Goodnight Paradise #1 Review

Goodnight Paradise #1

Writer: Joshua Dysart
Artist: Alberto Ponticelli
Color Artist: Giulia Brusco
Letterer: Steve Wands
Editor: Sebastian Girner
Publisher: TKO Studios

Review by Christoph Staffl

The new comicbook publisher TKO Studios starts its line-up with, among others, Goodnight Paradise. The story focuses on Eddie, a homeless man living in Venice, California. He has some friends, like his drinking buddies, and sometimes finds his way around town but barely leaves this particular part of the beach. Things radically change after he discovers the body of a young girl and a dog in the dumpster. Who is behind the murder and how can this girl be connected to some dubious guys? The police seem barely interested in uncovering the truth, so it is up to Eddie to find out what happened.

Goodnight Paradise is an interesting take on the murder mystery genre in more than one way. Let’s talk about three reasons why you should check out this new series by TKO Studios.

First, we have the setting. The creative team presents its readers with a world focused entirely on the homeless community, something you do not see very often represented in comics. You might know your local homeless people, walking past them throughout your day. But what are their problems? What does their day to day life look like?
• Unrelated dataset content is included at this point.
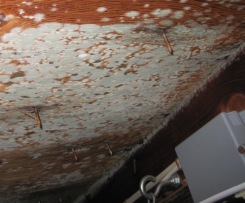 attic with mold picture, white mold in attic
This series offers an intimate view into a world that might exist within ours but works with entirely different rules. The focus never shifts from this and always presents Eddie’s perspective. He is dragging you along with him, forcing you, the reader, to deal with his world and everything it entails.

But it is not just the setting itself that makes reading the story uncomfortable; it is also the realistic portrayal of it. The, by all means, painful lives of homeless people, and everything they have to go through is not told via a fantasy, sci-fi, or historical fiction lens. No, you will find no sugar-coating here. However, to paint a wholesome picture (pun intended), you need more than a convincing setting, which brings us to numero dos.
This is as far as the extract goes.